Say, I have a tensor a : tensor([0.6511, 0.6983, 0.2852, 0.2281], requires_grad=True). Now, I convert it to 1 if value > 0.5 else change it to 0. Now, the new tensor is tensor([1, 1, 0, 0], requires_grad=True). I use this tensor to perform a masking operation. However, when I backpropagate, the gradients of a become 0.

Another approach might be to use a.detach(), however, now a is not included in the computation graph, and gradients are not computed.
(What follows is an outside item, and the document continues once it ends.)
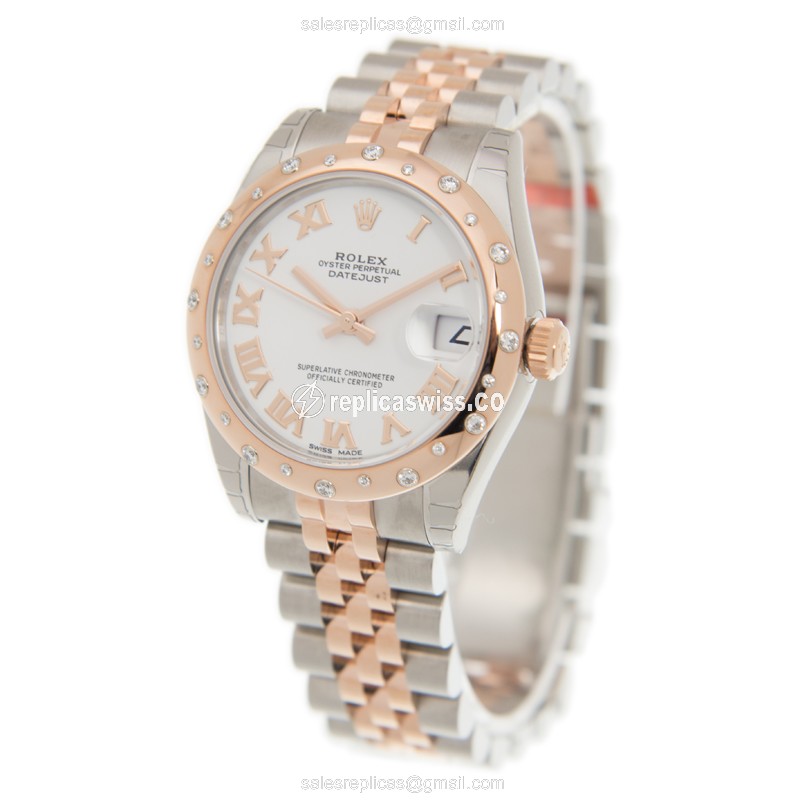 Rolex Datejust Lady Replica | Automatic | White Dial on Steel Strap - View 3
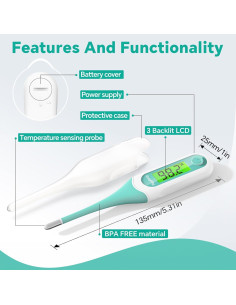 Termómetro Digital Rápido Shen Zhen 8s para Adultos y Niños 2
How do I approach this without breaking the graph, and without computing grad value as 0.

Small Snippet:

a = regularizer(torch.mul(per_step_task_embedding, layer_out)) # tensor([0.6511, 0.6983, 0.2852, 0.2281], requires_grad=True)
b = a.round() # # tensor([1, 1, 0, 0], requires_grad=True)
for i, (p, g) in enumerate(zip(params, grad)):
p.update = - g * b[i] # masking

Ok, so I have made a hack around this to make it work. Writing what worked for me here, if anyone comes across a similar problem.
Firstly, the regularizer I used had Sigmoid() in the end. I removed it.
So, now I have:

layer_pred = regularizer(torch.mul(per_step_task_embedding, layer_out))
sigm = torch.nn.Sigmoid()
temp_pred = layer_pred.detach()
cond = sigm(temp_pred).round() # [0 or 1]
layer_pred.data = cond.data # replace data in layer_pred without changing graph
masking_module(layer_pred, params, gradients)
layer_pred.data = temp_pred.data # replace data with original data again without changing graph

Just replying to let you know that you shouldn’t use .data field as it’s only there for backwards compatibility and can lead to incorrect calculations. You can read more here, try using .copy_() instead.